Whether you are a business owner or employed, you will need to retire at some point. As a small business owner with employees, you are also responsible for setting up a retirement plan for yourself and your employees.
A defined benefit plan allows small business owners an avenue to save more money for retirement than traditional retirement options. Unfortunately, there is a lot of misinformation about defined benefit plans.
Below is a list of four common misconceptions about benefits plans for small business owners that you may need to know.
The plan causes a strain on cash flow
As a plan sponsor, you will realize that defined benefit plans are administratively costly compared to 401(k) plans. However, many do not realize that you also enjoy higher tax benefits in years of high cash flow than you would under a 401(k) plan.
These tax benefits are intentionally created through government policy to incentivize business owners and high-income partners to prepare for their retirement rather than depend on public welfare. In other words, benefit plans place a business in a lower tax bracket, meaning that the owner and their partners can unquestionably keep a more significant portion of their profits.

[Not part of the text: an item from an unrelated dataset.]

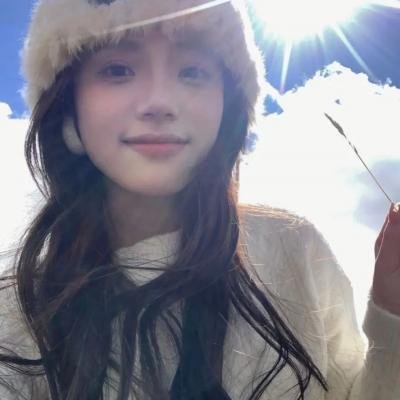 继承者风云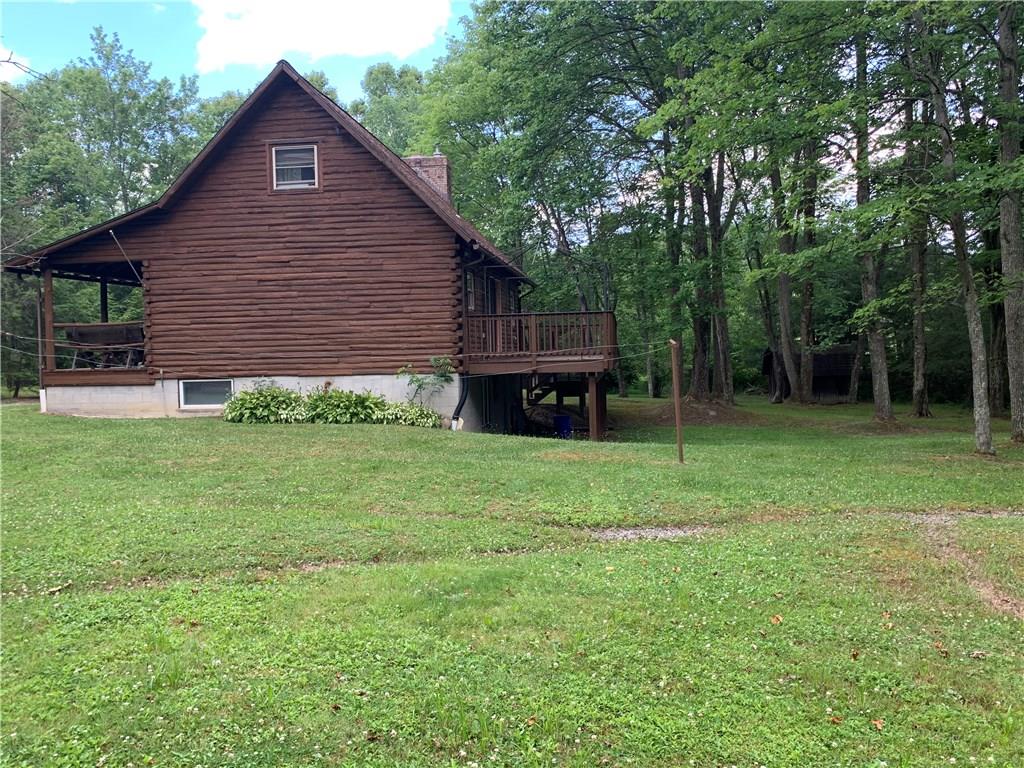 490 Saxman Road Latrobe, PA 15650 - Photo 4 of 25 Gallery Image 4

If your business can afford to contribute a substantial amount consistently, a defined benefit plan may be the best choice for you. But if you are yet to make up your mind, this guide on defined benefit plans for small business owners can help make it clear for you.
The plans are rigid
There is a considerable misconception even among financial advisors that defined benefits plans are highly rigid. This is not entirely true. However, before establishing a plan, it is crucial to establish that you can fund it annually.

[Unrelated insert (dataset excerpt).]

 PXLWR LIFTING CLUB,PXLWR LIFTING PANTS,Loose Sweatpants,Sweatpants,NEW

However, you can adjust contribution amounts each year according to the value of assets in the plan. For this to work best, it would be best to revise your contributions upwards when the returns are good, which can help reduce future contributions in case returns decrease in the future.
It is important to note that changing your plans will incur some cost towards designing a new benefit formula and drafting documents for signing. If your business suffers severely such that making contributions becomes impossible, you may also opt to terminate your plan.
There are no minimum contributions
The IRS has stringent minimum contribution rules for defined benefits plans. Before signing up for a plan, it is crucial to ensure that you have a steady income. It is important to note that there is a big difference between a defined benefit plan and a profit-sharing plan where sponsors can stop contributions in some years.
Failure to meet the required minimum contribution results in IRS imposed taxes, plan disqualification, and disallowed past tax deductions. Defined benefit plans are primarily ideal for individuals with a net income of more than $250,000 per year to ensure that the cost of running the plan is low relative to the tax savings.
Every employee must be covered
Like a 401(k) plan, not every employee needs to be covered under a defined benefits plan. The retirement plan nondiscrimination rules exclude highly compensated employees from coverage.
However, the law requires that every less highly paid employee working for more than 1000 hours per year be a beneficiary under the plan.
Defined benefit plans are a great way of preparing for retirement for the self-employed.
Now that you are aware of some of the most common misconceptions around it, there is no reason why you shouldn’t choose a defined benefits plan as your preferred retirement savings option.